Children’s Baseball Dreams Crushed by Con Man

Of course you want the best for your child. If he shows an interest in music, you buy him an oboe. If she buries her nose in books all day, you drag home a box full of young adult novels each month. If he wants to join the circus as a clown, you ground him for a year.

Rhode Island Orioles cap

And if a fast-talking man claiming to be affiliated with the Baltimore Orioles strides into your town with a briefcase full of baseballs and dreams of a baseball academy to nurture your boy’s Major League ambitions for the ridiculously low price of $3,000, you write the check. Okay, maybe you don’t, but 11 sets of loving parents in Cumberland, Rhode Island, did.
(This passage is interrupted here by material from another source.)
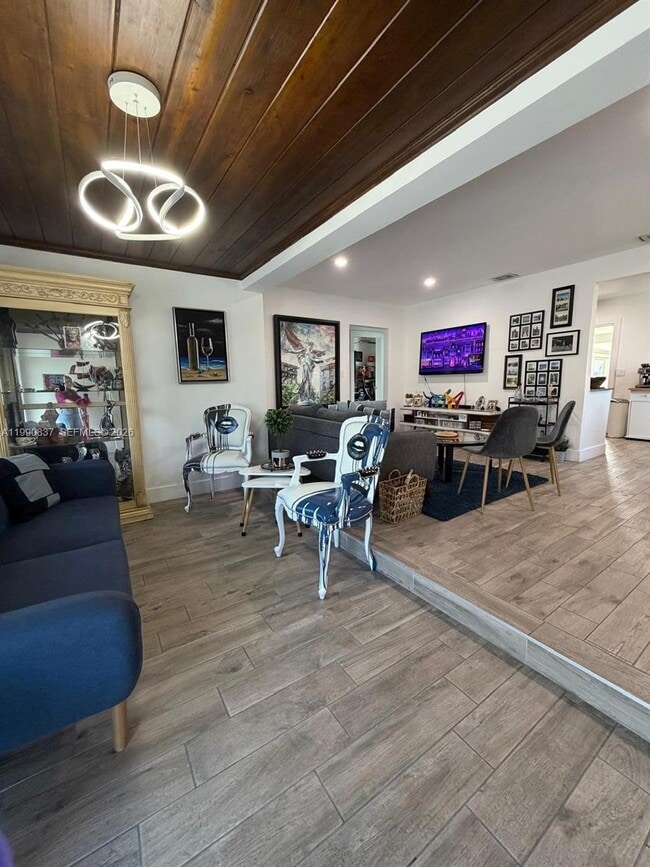 Building Photo - 1531 NE 15th Ave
Bad idea.

THE PROVIDENCE JOURNAL tells the pathetic tale of one Jack A. Ranallo (aka Jack A. Dorvis aka Jack A. Norris), arrested once for pretending to be an Arizona Diamondback in 1999. (Aka Kelly A. Stinnett?) He rounded up 11 families and a few other backers last fall and wove them tales about the Rhode Island Orioles, a club team he intended to start just for their lucky kids.

The team would be partially funded by the Baltimore Orioles since he knew people there from his minor league playing days. (The Orioles organization has no record of him playing minor league ball with them and, in fact, have never heard of him.) They would become a touring team, attending various tournaments in the area and even traveling to Cooperstown for an exhibition.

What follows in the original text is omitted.